- **GIVEN INFORMATION**:
----

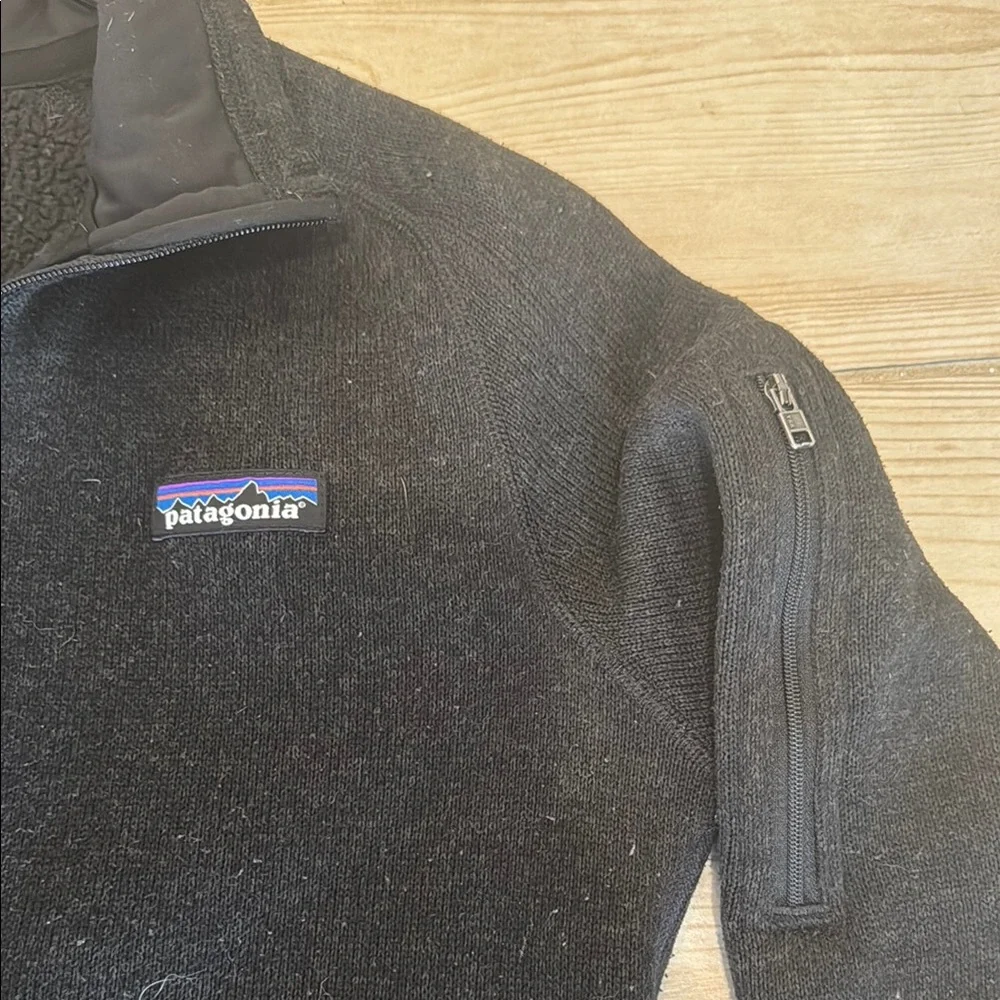 Patagonia Better Sweater Zip Down Jacket - Women's XS - Picture 4 of 7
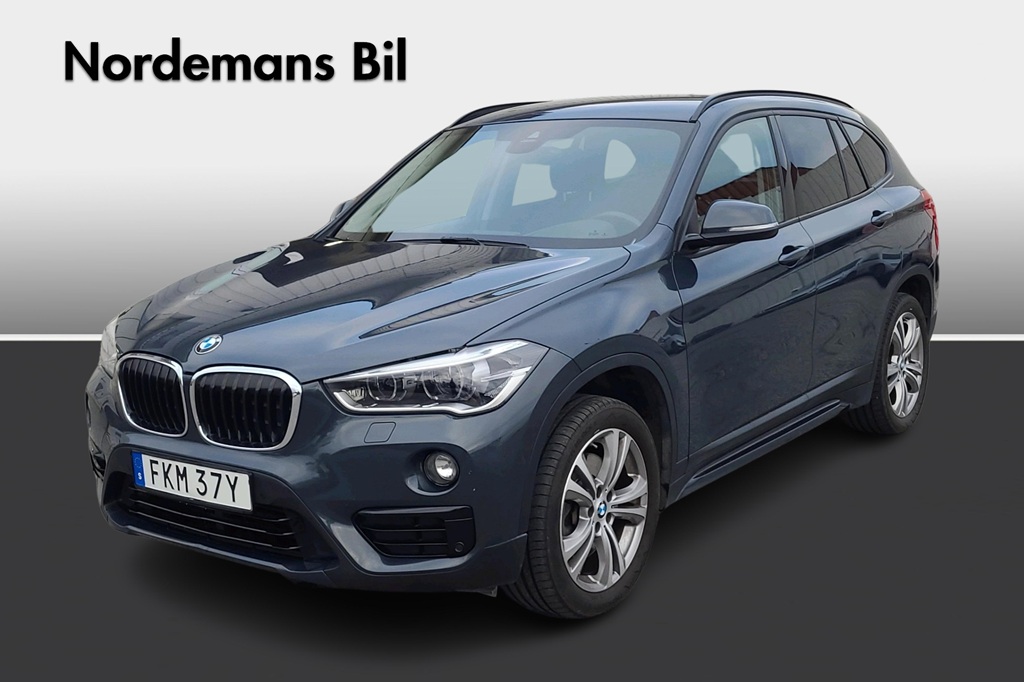 BMW X1 FKM37Y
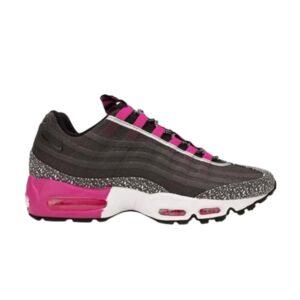 Nike Air Max 95 Premium Fog Pink White 599425 006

----

- **WHAT THIS TASK INVOLVES**: Leaving aside every picture, transcribe exactly the lines that run from the one with "BMW X1 FKM37Y" to the close of the listing above.

- **ANSWER FOR THIS EXERCISE**:
 BMW X1 FKM37Y
 Nike Air Max 95 Premium Fog Pink White 599425 006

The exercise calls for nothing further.